What you need to do ▸
Starting at the top of the entries below, print each line exactly until the line with "Apartments Tomo เมดูลิน ภายนอก รูปภาพ" has been printed too.

···

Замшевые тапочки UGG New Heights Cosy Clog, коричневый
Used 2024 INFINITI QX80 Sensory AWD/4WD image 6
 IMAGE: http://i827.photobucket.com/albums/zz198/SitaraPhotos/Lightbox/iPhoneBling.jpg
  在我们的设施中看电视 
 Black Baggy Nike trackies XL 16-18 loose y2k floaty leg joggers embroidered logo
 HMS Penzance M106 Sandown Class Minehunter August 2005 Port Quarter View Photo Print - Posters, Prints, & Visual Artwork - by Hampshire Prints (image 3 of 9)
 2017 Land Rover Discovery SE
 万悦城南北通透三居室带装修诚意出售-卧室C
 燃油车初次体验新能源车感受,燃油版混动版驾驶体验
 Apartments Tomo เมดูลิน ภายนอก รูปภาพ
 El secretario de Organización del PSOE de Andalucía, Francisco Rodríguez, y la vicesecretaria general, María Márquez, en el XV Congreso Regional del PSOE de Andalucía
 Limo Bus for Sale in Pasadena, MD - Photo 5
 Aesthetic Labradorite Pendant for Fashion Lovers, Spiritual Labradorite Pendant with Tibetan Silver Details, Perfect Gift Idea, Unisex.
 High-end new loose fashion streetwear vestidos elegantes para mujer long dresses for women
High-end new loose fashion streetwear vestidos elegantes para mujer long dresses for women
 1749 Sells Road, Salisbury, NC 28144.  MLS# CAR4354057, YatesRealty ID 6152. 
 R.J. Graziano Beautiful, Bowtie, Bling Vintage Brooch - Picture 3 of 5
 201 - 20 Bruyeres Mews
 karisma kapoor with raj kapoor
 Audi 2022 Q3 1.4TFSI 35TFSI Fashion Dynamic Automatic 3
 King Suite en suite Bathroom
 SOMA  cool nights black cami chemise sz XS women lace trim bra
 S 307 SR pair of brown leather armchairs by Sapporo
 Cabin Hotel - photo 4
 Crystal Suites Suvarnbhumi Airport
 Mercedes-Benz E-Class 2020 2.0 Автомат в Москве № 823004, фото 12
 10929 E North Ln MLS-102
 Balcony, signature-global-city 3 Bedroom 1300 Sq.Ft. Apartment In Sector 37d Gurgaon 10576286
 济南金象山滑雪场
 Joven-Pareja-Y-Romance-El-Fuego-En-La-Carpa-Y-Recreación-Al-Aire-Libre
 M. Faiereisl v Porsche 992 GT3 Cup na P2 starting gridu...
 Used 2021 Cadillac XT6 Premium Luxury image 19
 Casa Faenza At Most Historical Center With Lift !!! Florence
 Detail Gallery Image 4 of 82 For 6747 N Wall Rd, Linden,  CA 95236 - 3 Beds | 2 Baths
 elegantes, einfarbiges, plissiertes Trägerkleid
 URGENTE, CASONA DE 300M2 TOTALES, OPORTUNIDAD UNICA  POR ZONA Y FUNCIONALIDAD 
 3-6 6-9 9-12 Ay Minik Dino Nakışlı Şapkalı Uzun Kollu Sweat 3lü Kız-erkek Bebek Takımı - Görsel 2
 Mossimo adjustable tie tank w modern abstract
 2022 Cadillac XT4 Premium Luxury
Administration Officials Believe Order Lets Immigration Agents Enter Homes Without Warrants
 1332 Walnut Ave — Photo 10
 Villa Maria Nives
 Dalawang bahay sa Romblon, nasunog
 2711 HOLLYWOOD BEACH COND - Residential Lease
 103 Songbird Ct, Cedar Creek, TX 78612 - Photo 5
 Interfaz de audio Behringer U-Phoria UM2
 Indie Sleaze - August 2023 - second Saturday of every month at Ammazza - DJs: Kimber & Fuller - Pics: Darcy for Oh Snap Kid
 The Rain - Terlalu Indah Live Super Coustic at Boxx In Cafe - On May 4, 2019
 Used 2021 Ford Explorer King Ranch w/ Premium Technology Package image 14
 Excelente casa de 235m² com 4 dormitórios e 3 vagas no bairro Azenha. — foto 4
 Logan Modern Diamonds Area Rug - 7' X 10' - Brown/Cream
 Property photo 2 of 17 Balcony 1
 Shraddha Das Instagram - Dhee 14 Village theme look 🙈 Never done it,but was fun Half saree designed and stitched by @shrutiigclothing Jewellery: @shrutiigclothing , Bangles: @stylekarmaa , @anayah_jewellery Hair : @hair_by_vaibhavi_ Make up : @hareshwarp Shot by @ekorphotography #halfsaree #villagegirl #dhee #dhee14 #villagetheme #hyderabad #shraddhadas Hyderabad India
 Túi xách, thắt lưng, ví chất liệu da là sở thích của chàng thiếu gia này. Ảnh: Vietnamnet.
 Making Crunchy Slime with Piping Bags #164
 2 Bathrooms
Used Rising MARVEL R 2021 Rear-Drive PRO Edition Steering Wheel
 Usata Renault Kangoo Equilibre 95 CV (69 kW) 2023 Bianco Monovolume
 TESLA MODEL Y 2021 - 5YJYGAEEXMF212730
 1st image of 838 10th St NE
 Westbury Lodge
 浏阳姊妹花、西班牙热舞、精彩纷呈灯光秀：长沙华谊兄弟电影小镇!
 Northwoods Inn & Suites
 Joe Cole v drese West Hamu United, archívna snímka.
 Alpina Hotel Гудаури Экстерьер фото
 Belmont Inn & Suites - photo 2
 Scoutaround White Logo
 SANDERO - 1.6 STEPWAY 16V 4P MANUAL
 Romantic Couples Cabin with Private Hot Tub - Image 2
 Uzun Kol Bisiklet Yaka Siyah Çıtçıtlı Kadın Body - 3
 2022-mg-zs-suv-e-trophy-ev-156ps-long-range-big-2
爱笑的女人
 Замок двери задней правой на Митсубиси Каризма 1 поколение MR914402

···

Your response ▸
Замшевые тапочки UGG New Heights Cosy Clog, коричневый
Used 2024 INFINITI QX80 Sensory AWD/4WD image 6
 IMAGE: http://i827.photobucket.com/albums/zz198/SitaraPhotos/Lightbox/iPhoneBling.jpg
  在我们的设施中看电视 
 Black Baggy Nike trackies XL 16-18 loose y2k floaty leg joggers embroidered logo
 HMS Penzance M106 Sandown Class Minehunter August 2005 Port Quarter View Photo Print - Posters, Prints, & Visual Artwork - by Hampshire Prints (image 3 of 9)
 2017 Land Rover Discovery SE
 万悦城南北通透三居室带装修诚意出售-卧室C
 燃油车初次体验新能源车感受,燃油版混动版驾驶体验
 Apartments Tomo เมดูลิน ภายนอก รูปภาพ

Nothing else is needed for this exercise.